WORK REQUEST
Your answer must be the lines from the one containing "IgnitionSafe Cutoff Remote - Ozerty" through the last line of the records below, copied exactly, with the pictures left out.

########

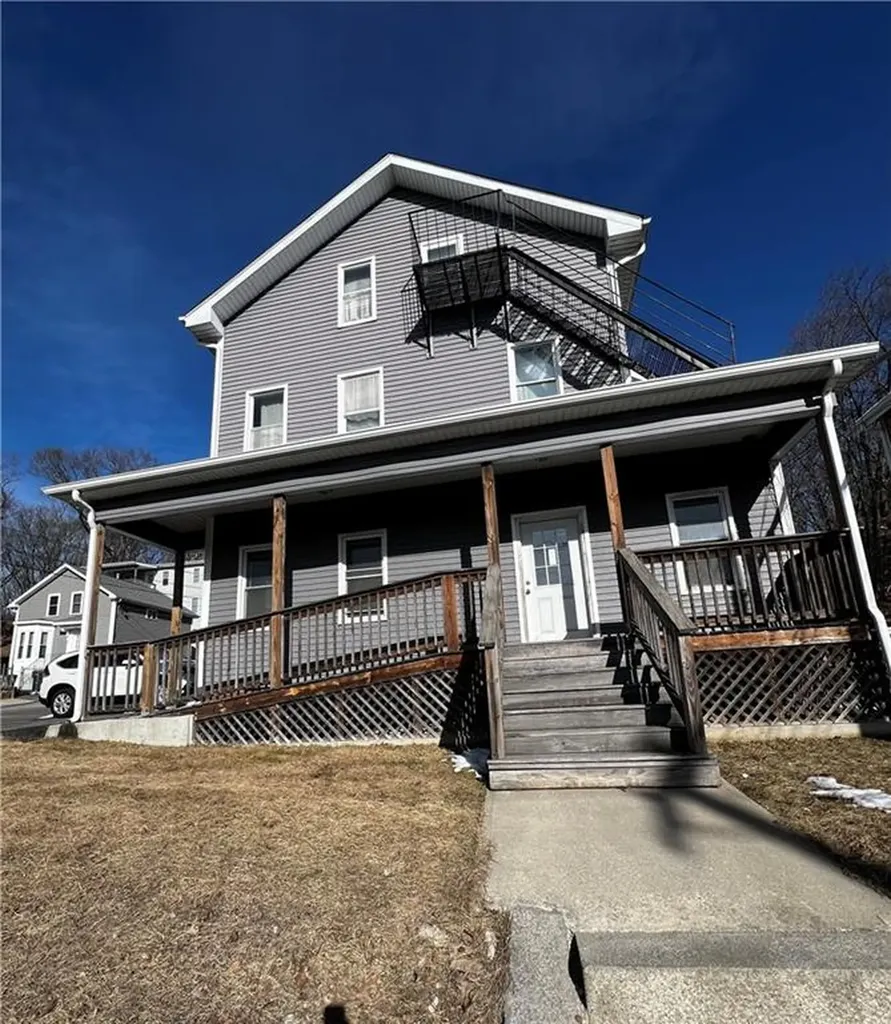 1269 Mendon Road Cumberland RI 02864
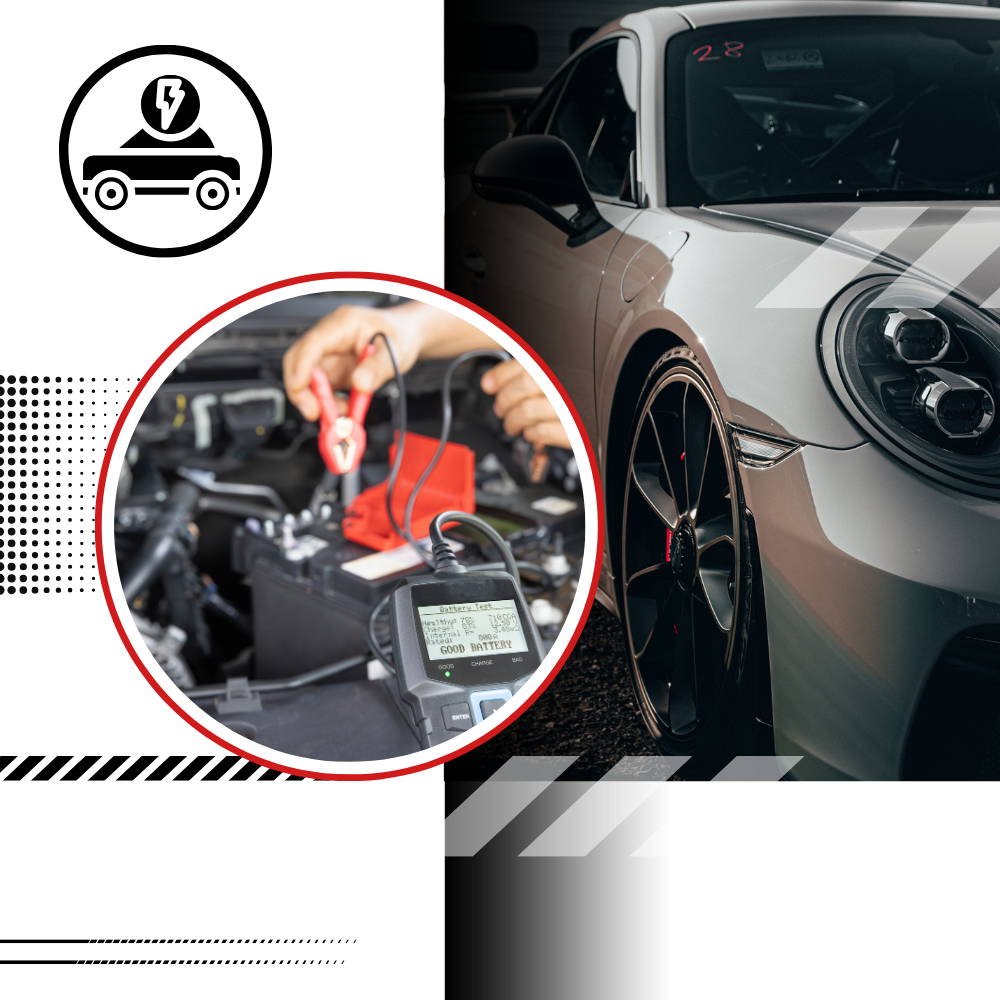 IgnitionSafe Cutoff Remote - Ozerty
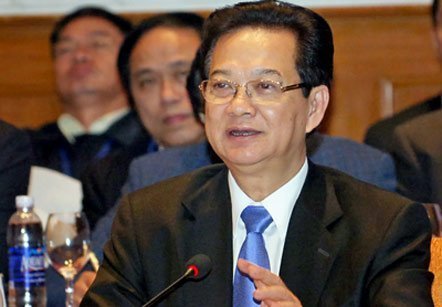 Thủ tướng cam kết tăng cường giám sát tập đoàn
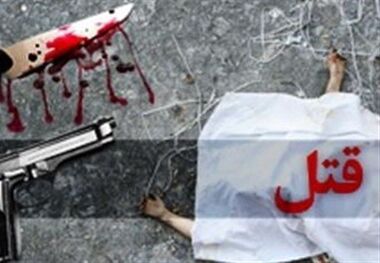 قاتل خواهرکش در خنداب دستگیر شد
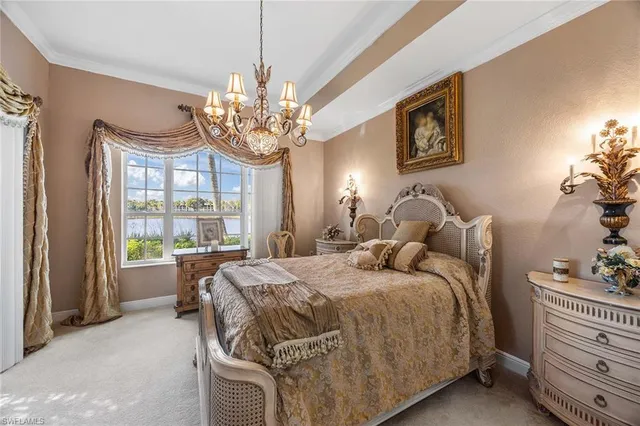 $4,500 | 9255 Museo Circle, Unit 103, Naples, FL 34114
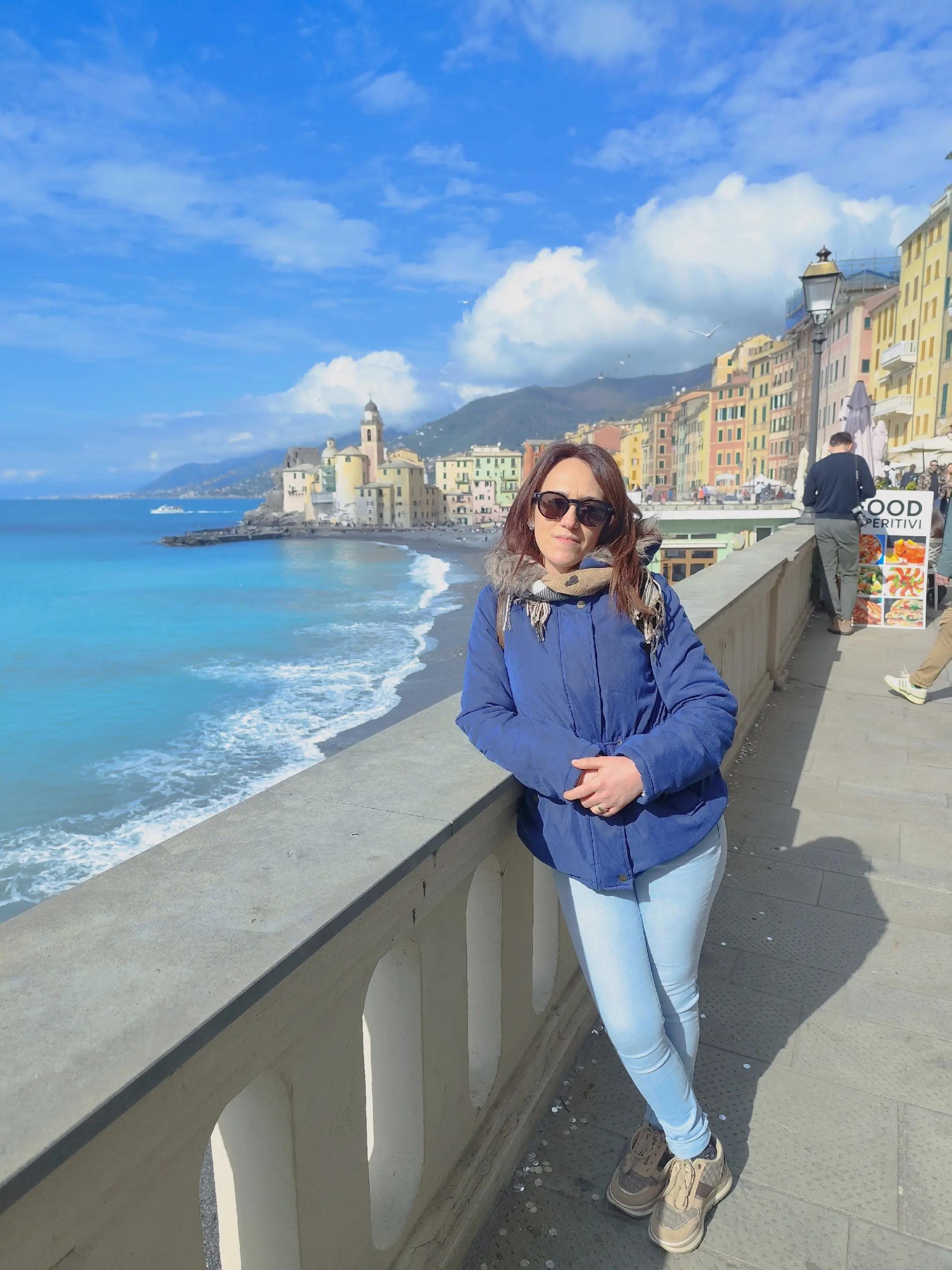 @Ilaria Calò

########

WRITTEN RESPONSE
 IgnitionSafe Cutoff Remote - Ozerty
 Thủ tướng cam kết tăng cường giám sát tập đoàn
 قاتل خواهرکش در خنداب دستگیر شد
 $4,500 | 9255 Museo Circle, Unit 103, Naples, FL 34114
 @Ilaria Calò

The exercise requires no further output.